Sen. Elizabeth Warren (D-Mass.) campaigns at the College of Southern Nevada on February 17. Brian Cahn/ZUMA
Sen. Elizabeth Warren (D-Mass) landed what may prove to be the toughest blow against Michael Bloomberg in the Nevada Democratic debate Wednesday night when she pressed him to release female employees who had accused him of harassment and discrimination from non-disclosure agreements. Bloomberg refused.
“Mr. Mayor, are you willing to release all of those women from those non-disclosure agreements so we can hear their side of the story?” she asked, standing beside him on stage.
Bloomberg began to respond, saying, “we have a very few nondisclosure agreements” when Warren cut in. “How many is that?” she said.
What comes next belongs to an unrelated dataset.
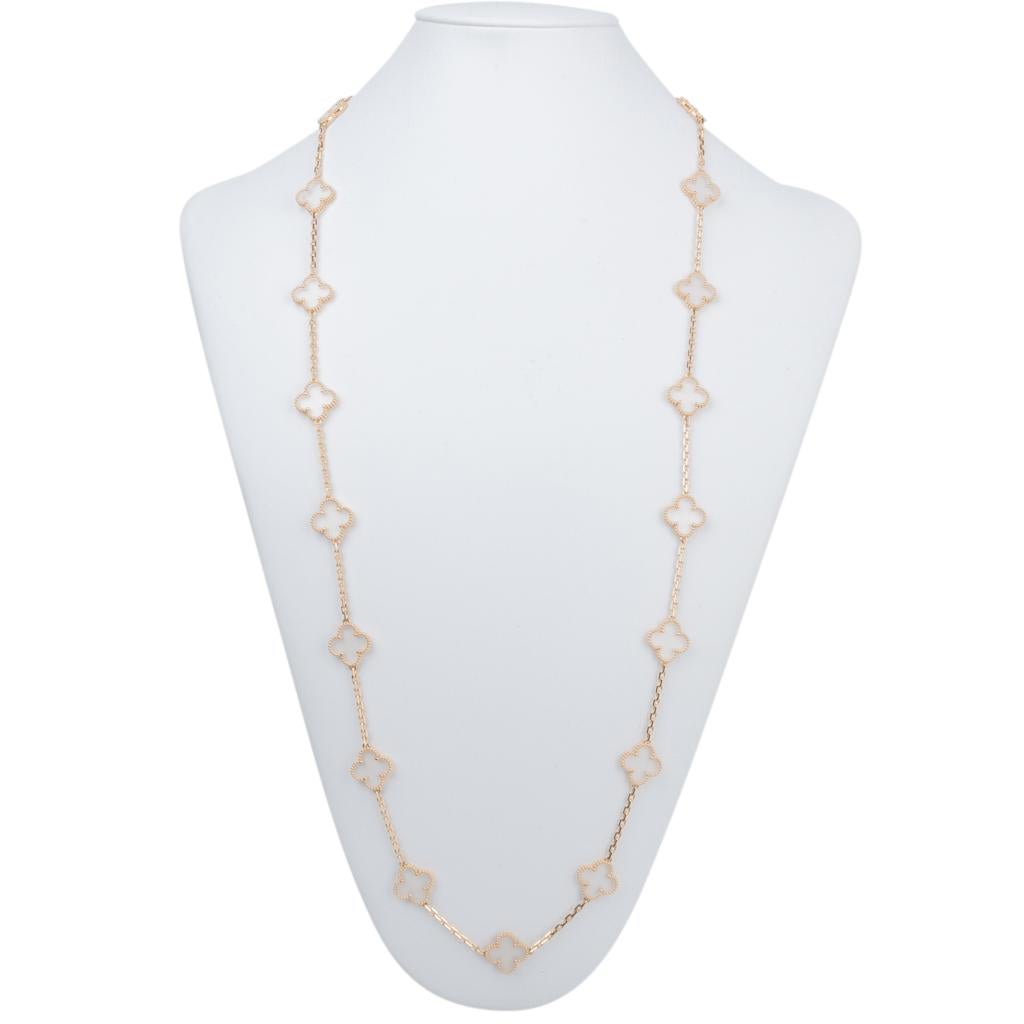 Van Cleef & Arpels Vintage Alhambra Rock Crystal 20 Motif Necklace Very Rare For Sale 1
… here’s the moment where warren presses bloomberg on his past comments & treatment of women and his use of non-disclosure agreements.#demdebate pic.twitter.com/5wqGMM6VQd
— fake nick ramsey (@nick_ramsey) February 20, 2020
Allegations that he made sexist remarks and created a hostile work environment have dogged Bloomberg’s campaign. But Bloomberg, who has chalked up his past behavior to “bawdy humor,” has been unwavering in refusing to release multiple women from the confidentiality agreements they signed when settling legal actions against his company.
Warren dug the knife in on the debate stage when she argued that the behavior wasn’t just problematic but that it also undercut Bloomberg’s electability—the ability to defeat President Donald Trump that Democratic voters are searching for in their nominee.
“This is not just a question of the mayor’s character,” Warren said. “This is also a question of electability. We are not gonna beat Donald Trump with a man who has who knows how many nondisclosure agreements and the drip drip of stories.”